To prevent the re-identification of hashed information the EDPS and AEPD recommend, among other things, that the initial message or the hash value are encrypted with a confidential key, or that a constant value or random value, known as a 'salt', is added to all original messages before the hash is created.

According to the EDPS and AEPD, a range of factors play into whether hashing can adequately protect personal data. These need to be considered by businesses when looking to apply the measure. The factors include:

  • the computation of the hash: the hashing technique, the algorithm and system used.
  • the message spaces: the entropy – the degree of order or disorder in a dataset – if random elements are added, the redundancy and repetitive structure of the message.
  • the link between the hash and other information in the processing environment: whether identifiers or pseudo identifiers are directly linked to the hashed information, or if information is indirectly linked to the hashed information.
  • the passwords and other random elements that have been introduced.
  • the ongoing management and audit of passwords, including physical security and human factors.
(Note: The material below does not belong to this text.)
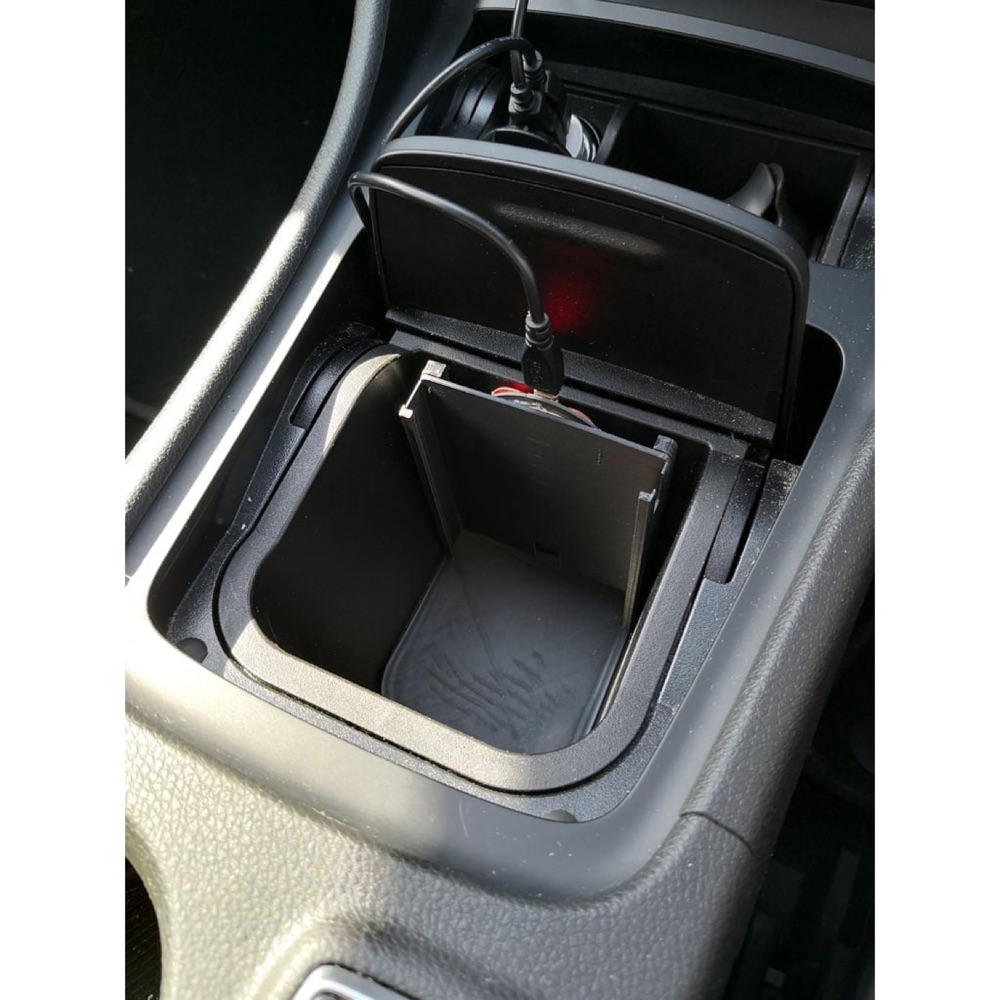 Merkezi Konsol Telefon Standı (Mercedes GLA/CLA) görsel 2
The EDPS and AEPD said that those willing to implement hashing techniques should first conduct a risk assessment to evaluate the potential re-identification risk. This assessment, they said, should consider the hashing process itself and the rest of the elements involved in the hashing system. The type of information linked or linkable to the hash value should also be specifically considered, they said.

To assess if a hashing technique would render the personal data anonymous the risk assessment must consider the organisational measures that guarantee the deletion of the information that allows for re-identification. There should also be a reasonable guarantee that the system will be strong beyond the expected lifecycle of the personal data.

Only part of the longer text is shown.